I find myself worrying about the birds and the wild animals.

It’s silly, I know. I should worry about the homeless people. About the poor living in poorly heated places and the kids going to school with too-thin jackets. But I have this thing where I fret about the animals. I wonder how the birds make it through the night and I’m relieved to see them in the morning, puffed up with indignation against the cold, clustering around the feeder. They know how to make it through the night.

It’s not like I can do anything to save them anyway.

Another feature of the Las Vegas strip are the rows of people handing out the little cards advertising the hookers. They have this technique where they pop the cards against each other, making loud clicks that draw your attention and they hand you the card. You have to get good at tuning out the sound – and the row of dour-faced men offering the cards – or you never get anywhere.

They mostly tried to hand them to David, though they’d give ’em to me, too, if I let them. As we walked down by the Mirage, enjoying the warm sunshine, I asked David what was on the cards. I’d so carefully not looked at them, that I then wondered. Pictures of girls, he told me.

We stopped by the fountains at the Mirage to admire the many kinds of palm trees in their landscaping. What? We like palm trees. Paddling around in the water was a duck and two very new ducklings. David was surprised they’d hatched in January. Some tourist guys tossed bread at the ducks, laughing as the little things tried to gobble the stuff down.

I confess I fretted about them. Did they hide when Mirage does its volcano effects? Would some idiot feed them something poisonous or try to play with them? I blew out my breath and let it go. The ducklings lived before I knew about them and I can’t sweep in and save them anyway.

As we got near our hotel, David started accepting the girlie cards. Like a wave, the grim-faces turned to smiles and the guys happily handed him cards. Within seconds he had a handful. I asked why he started taking them and he said “I thought you wanted to see them.”

So, we drank wine in our pretty hotel room, watched the sunset and flipped through the nearly 50 cards he’d acquired in the course of crossing the street. We talked about which girls were pretty and which poses looked sexy and which not. Then one card caught my eye. Kari, thin, red-head pale and with a glassy-eyed, lost look on her face.

“She looks way too young to me,” I commented.

David took the card from me. “She looks strung out on drugs, is what she looks like.”
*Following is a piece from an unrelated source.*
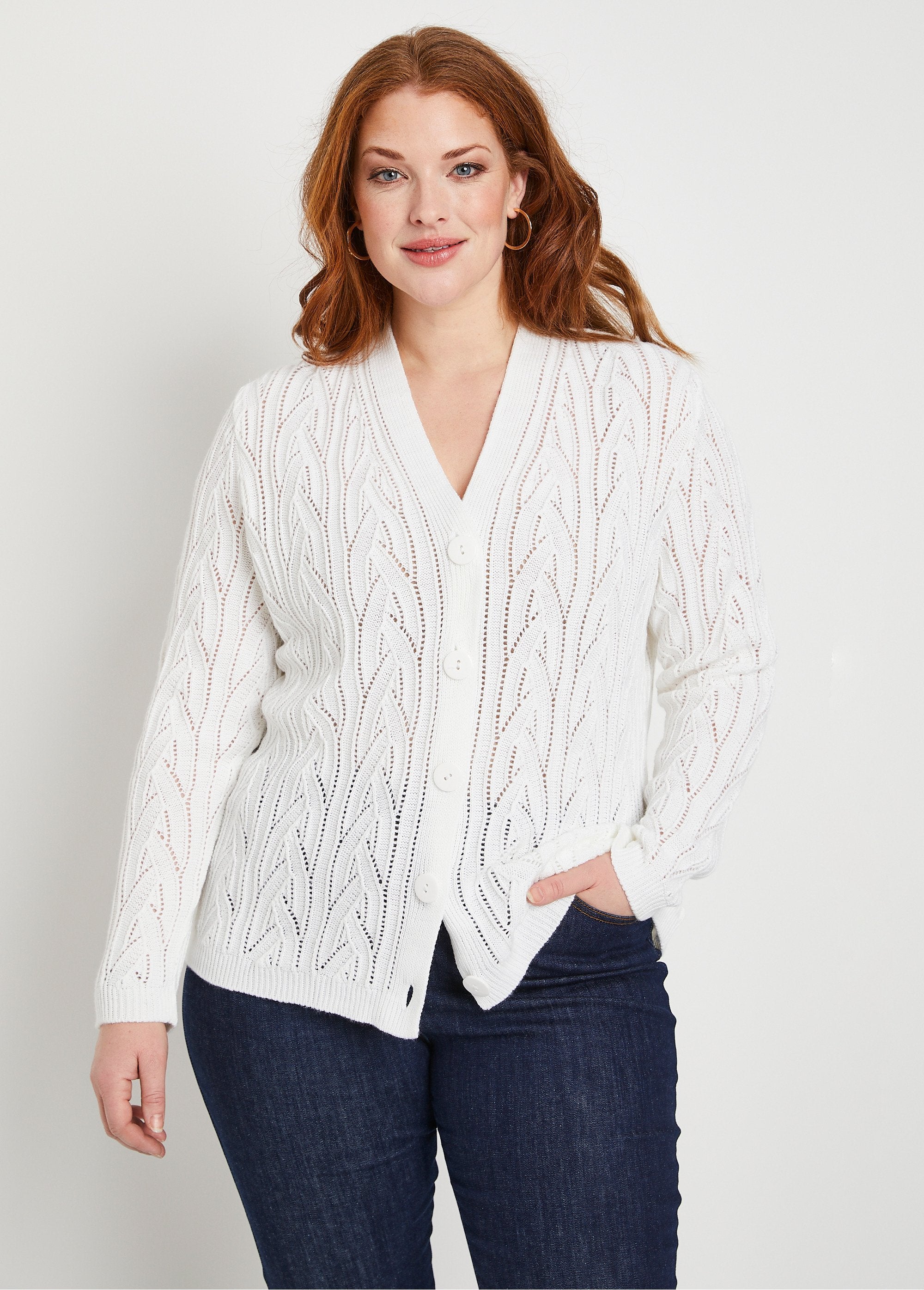 Gilet_court_boutonné_ajouré_Blanc_FA1_curvy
She probably is. And she might be legal and she might not. I wondered where in all that tumult of noise and lights she might be. And I realized I fretted about her like I worried about the ducklings. There’s something about the small, the young and the weak dealing with a frequently harsh world that tears a little piece from my heart.

I meant to save Kari’s card. David threw them all away and I formed the idea that I should write about this and go dig the little card out of the trash. I could scan in her picture and tell this story. I fantasized that someone would recognize her, save her, perhaps. Then we checked out before dawn and I forgot in the flurry.

In the end, I suppose, as for all of us, it will be up to her to save herself. As it’s up to the birds to survive the cold snap and the ducklings to enjoy their bit of tropical paradise and avoid the dangers.

Still I remember Kari’s face and send hopeful thoughts her way.